We believe that we have a reasonable basis for making such forward-looking statements. The forward-looking statements in this document are based on our experience, our perception of trends, current conditions and expected future developments as well as other factors. Certain material factors or assumptions were applied in drawing the conclusions or making the forecasts or projections that are included in these forward-looking statements, including, without limitation, future expectations and assumptions concerning the following:
▪the supply of, demand for and price of methanol, methanol derivatives, natural gas, coal, oil and oil derivatives,
▪our ability to procure natural gas feedstock on commercially acceptable terms,
▪operating rates of our facilities,
▪receipt or issuance of third-party consents or approvals or governmental approvals related to rights to purchase natural gas,
▪the establishment of new fuel standards,
▪operating costs, including natural gas feedstock and logistics costs, capital costs, tax rates, cash flows, foreign exchange rates and interest rates,
▪the availability of committed credit facilities and other financing,
▪the expected timing and capital cost of our Geismar 3 project,
▪global and regional economic activity (including industrial production levels) and GDP growth,
▪absence of a material negative impact from major natural disasters,
▪absence of a material negative impact from changes in laws or regulations,
▪absence of a material negative impact from political instability in the countries in which we operate, and
▪enforcement of contractual arrangements and ability to perform contractual obligations by customers, natural gas and other suppliers and other third parties.
However, forward-looking statements, by their nature, involve risks and uncertainties that could cause actual results to differ materially from those contemplated by the forward-looking statements.

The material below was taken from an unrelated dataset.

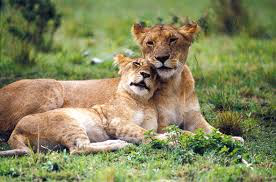 Kwandwe Private Game Reserve Gallery Image 5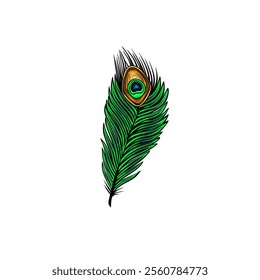 a green peacock feather vector illustration, bulu merak vektor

The risks and uncertainties primarily include those attendant with producing and marketing methanol and successfully carrying out major capital expenditure projects in various jurisdictions, including, without limitation:
▪conditions in the methanol and other industries, including fluctuations in the supply, demand and price for methanol and its derivatives, including demand for methanol for energy uses,
▪the price of natural gas, coal, oil and oil derivatives,
▪our ability to obtain natural gas feedstock on commercially acceptable terms to underpin current operations and future production growth opportunities,
▪the ability to carry out corporate initiatives and strategies,
▪actions of competitors, suppliers and financial institutions,
▪conditions within the natural gas delivery systems that may prevent delivery of our natural gas supply requirements,
▪our ability to meet timeline and budget targets for the Geismar 3 project, including the impact of any cost pressures arising from labour costs,
▪competing demand for natural gas, especially with respect to any domestic needs for gas and electricity,
▪actions of governments and governmental authorities, including, without limitation, implementation of policies or other measures that could impact the supply of or demand for methanol or its derivatives,
▪changes in laws or regulations,
▪import or export restrictions, anti-dumping measures, increases in duties, taxes and government royalties and other actions by governments that may adversely affect our operations or existing contractual arrangements,
▪worldwide economic conditions,
▪the impacts of the COVID-19 pandemic, and
▪other risks described in this 2021 MD&A.
Having in mind these and other factors, investors and other readers are cautioned not to place undue reliance on forward-looking statements. They are not a substitute for the exercise of one’s own due diligence and judgment. The outcomes implied in forward-looking statements may not occur and we do not undertake to update forward-looking statements except as required by applicable securities laws.